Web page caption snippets
■ ■ ■ ■ ■

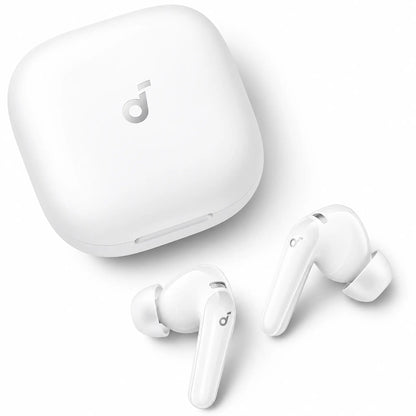 Soundcore R60i NC Wireless Earbuds Blue | ANC, Hi-Res LDAC, AI Translation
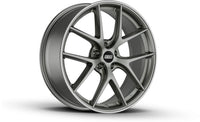 BBS CI-R FLOW FORMING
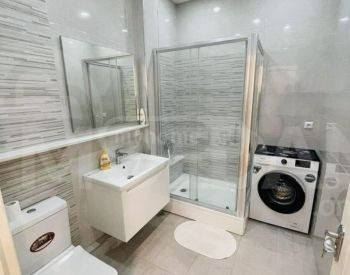 ქირავდება 3 ოთახიანი ბინა 80მ² 5/12 სართ თბილისი - photo 9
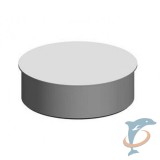 Заглушка канализационная Ф110 (Millennium) — 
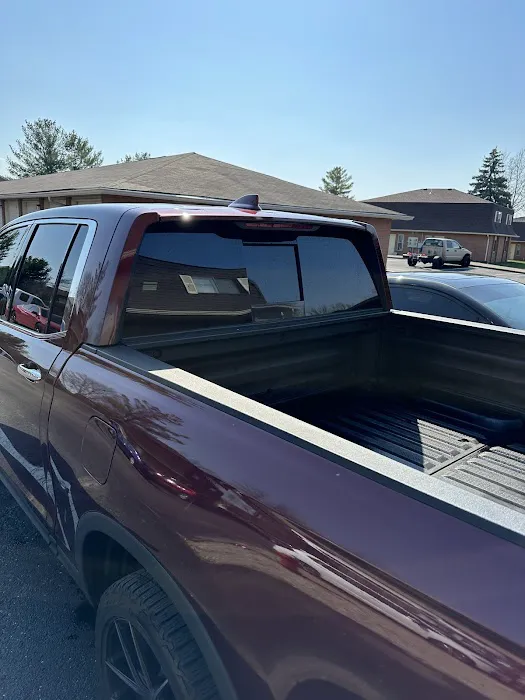 Quality Window Tint 7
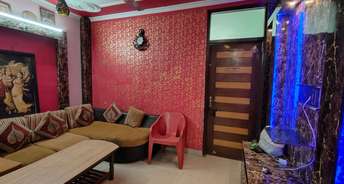 2 BHK Builder Floor For Rent in RWA Awasiya Govindpuri Govindpuri Delhi 6663242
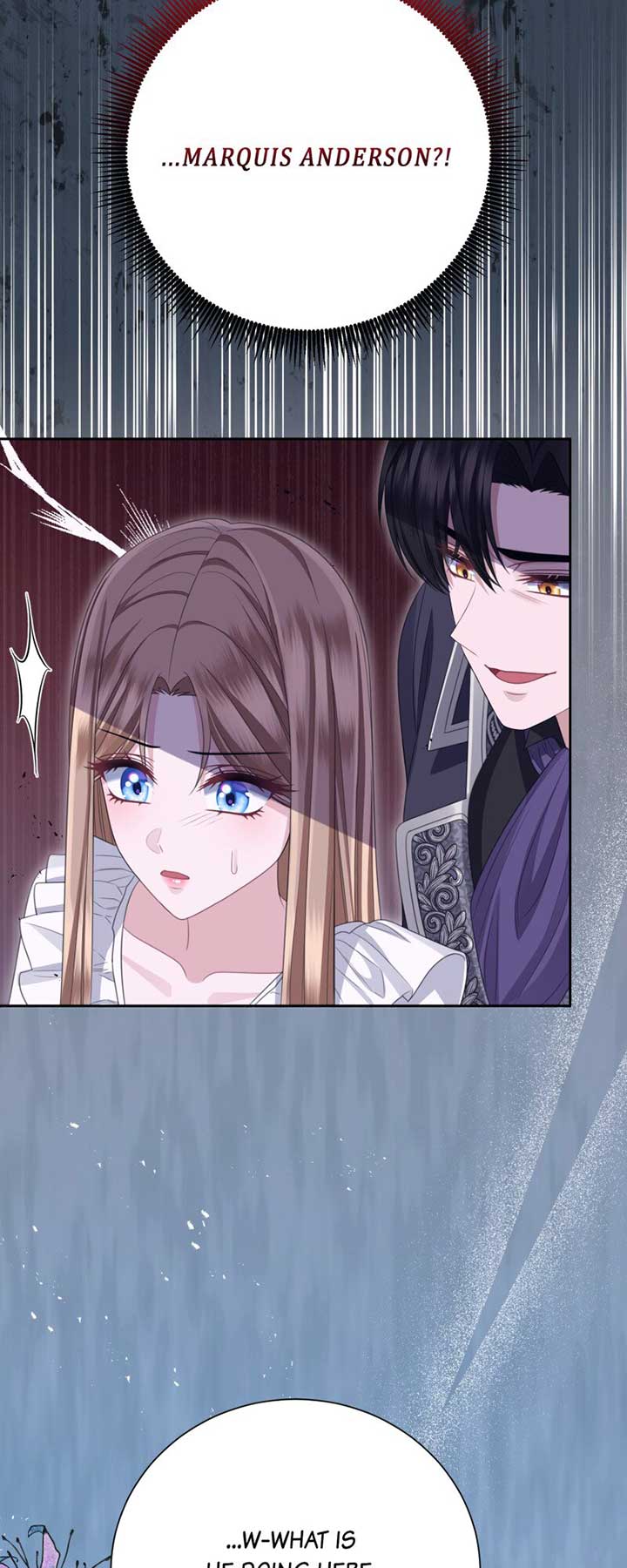 When Cinderella’s Magic Fades Away Chapter 50 page 4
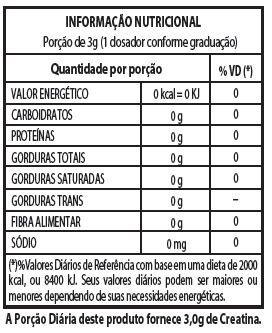 Imagem de Creatina Hardcore IntegralMedica - 150g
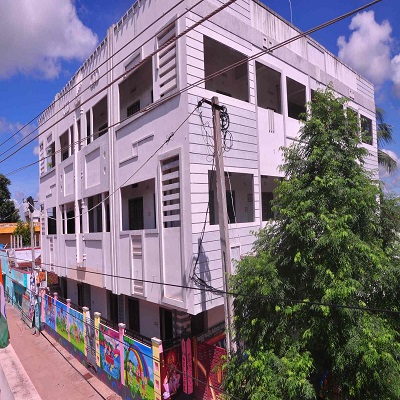 Siddhartha English Medium School
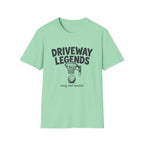 Driveway Legends T-Shirt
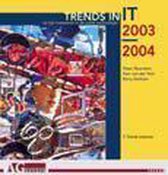Trends In It 2003/2004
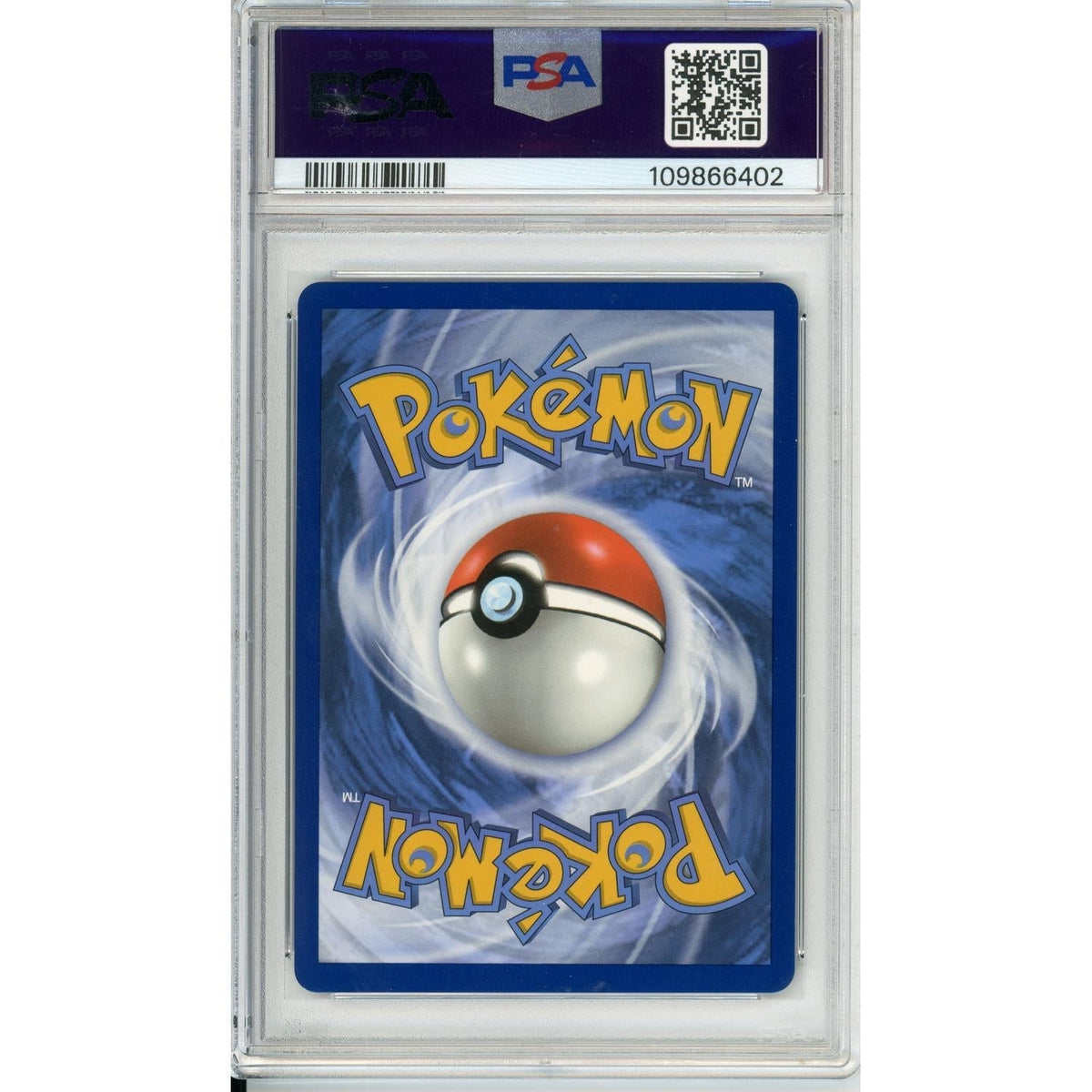 Pokemon Graded: Lugia V 186/195 Silver Tempest (2022) Full Art PSA 10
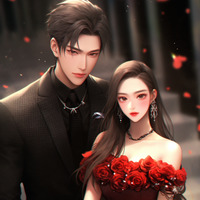 ซ่อนรักเพลิงแค้น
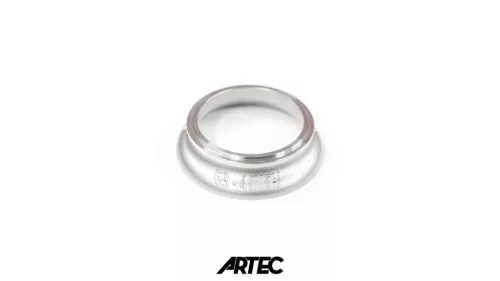ARTEC G3 - 4 Inch Turbo Exhaust Outlet / Dump Pipe Flange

■ ■ ■ ■ ■

What the exercise asks: Every line above from the one with "BBS CI-R FLOW FORMING" down to the one with "Driveway Legends T-Shirt" must be written out exactly, and no picture may appear.

Answer to the problem:
 BBS CI-R FLOW FORMING
 ქირავდება 3 ოთახიანი ბინა 80მ² 5/12 სართ თბილისი - photo 9
 Заглушка канализационная Ф110 (Millennium) — 
 Quality Window Tint 7
 2 BHK Builder Floor For Rent in RWA Awasiya Govindpuri Govindpuri Delhi 6663242
 When Cinderella’s Magic Fades Away Chapter 50 page 4
 Imagem de Creatina Hardcore IntegralMedica - 150g
 Siddhartha English Medium School
 Driveway Legends T-Shirt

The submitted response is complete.